Ferrara, 12 aprile 2024 – Il classico triangolo amoroso: marito, moglie e amante di lui e tre gradi di giudizio non sufficienti a stabilire se lui, un po’ troppo di ‘manica larga’ con l’amante, ha bisogno o meno di un amministratore di sostegno. È il succo della causa civile intentata da una ferrarese, diventata poi ex moglie, che ha trascinato in tribunale l’ex marito, perché non ricevendo regolarmente l’assegno di mantenimento che le spettava, era poi venuta a sapere che l’uomo stava dilapidando il consistente patrimonio di famiglia, anche a favore dell’amante straniera. Contestando lo ‘sperpero’ di 500mila euro almeno e la vendita di terreni agricoli per più di un milione di euro.

Per lei nessun dubbio che l’ex coniuge fosse affetto da prodigalità patologica, situazione che l’ha convinta a chiedere al giudice di Ferrara la nomina di un amministratore di sostegno a tutela del patrimonio di famiglia. Istanza accolta dal Tribunale estense, che ha provveduto, appunto, alla nomina di un amministratore. L’uomo non ci sta e propone ricorso alla Corte di Appello di Bologna. A questo punto il primo colpo di scena: i giudici felsinei ribaltano completamente la situazione, sostenendo che non è stata provata in sede di indagine la prodigalità dell’uomo come patologica e, in sostanza, sposando la tesi difensiva dell’ex marito. Questo nonostante l’uomo non avesse ottemperato alla richiesta di mostrare i movimenti bancari, come richiestogli. Probabilmente proprio per non permettere di ricostruire dove erano andati a finire centinaia di migliaia di euro.

Non si dà per vinta la ex moglie, la quale tramite i suoi legali, decide di impugnare la sentenza felsinea davanti alla Corte di Cassazione, che di recente le ha dato di nuovo ragione.

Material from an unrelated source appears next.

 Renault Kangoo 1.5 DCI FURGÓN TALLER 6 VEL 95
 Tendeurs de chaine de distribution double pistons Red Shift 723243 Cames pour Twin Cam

Gli ermellini, spiegando nel dettaglio in dieci pagine di sentenza, tornano alle conclusioni del giudice ferrarese, sostenendo in sintesi che il fatto di non essergli stata riconosciuta una prodigalità patologica, non significa che non ci sia bisogno di un amministratore di sostegno, tanto più alla luce del fatto che “l’ex marito, non ha chiarito la destinazione di gran parte delle somme sparite e non ha nemmeno mostrato di essere pienamente consapevole delle situazioni di grave pregiudizio nelle quali poteva trovarsi, avendo anche chiesto finanziamenti bancari, mai concessi".

Infine, i giudici della Suprema Corte mettono in evidenza anche che i colleghi felsinei hanno tenuto in scarsa considerazione quello che lo stesso fratello dell’ex marito aveva dichiarato sui "rischi di compromissione dell’intero patrimonio familiare". Aggiungendo che "se una persona è libera di disporre del proprio patrimonio non può però ridursi nella condizione in cui, non solo non sia più in grado di assicurare i doveri di solidarietà già posti a suo carico (l’aiuto all’ex coniuge), ma finanche quelli in favore della propria persona". Toccherà ora alla Corte di Appello riaffrontare la controversia familiare.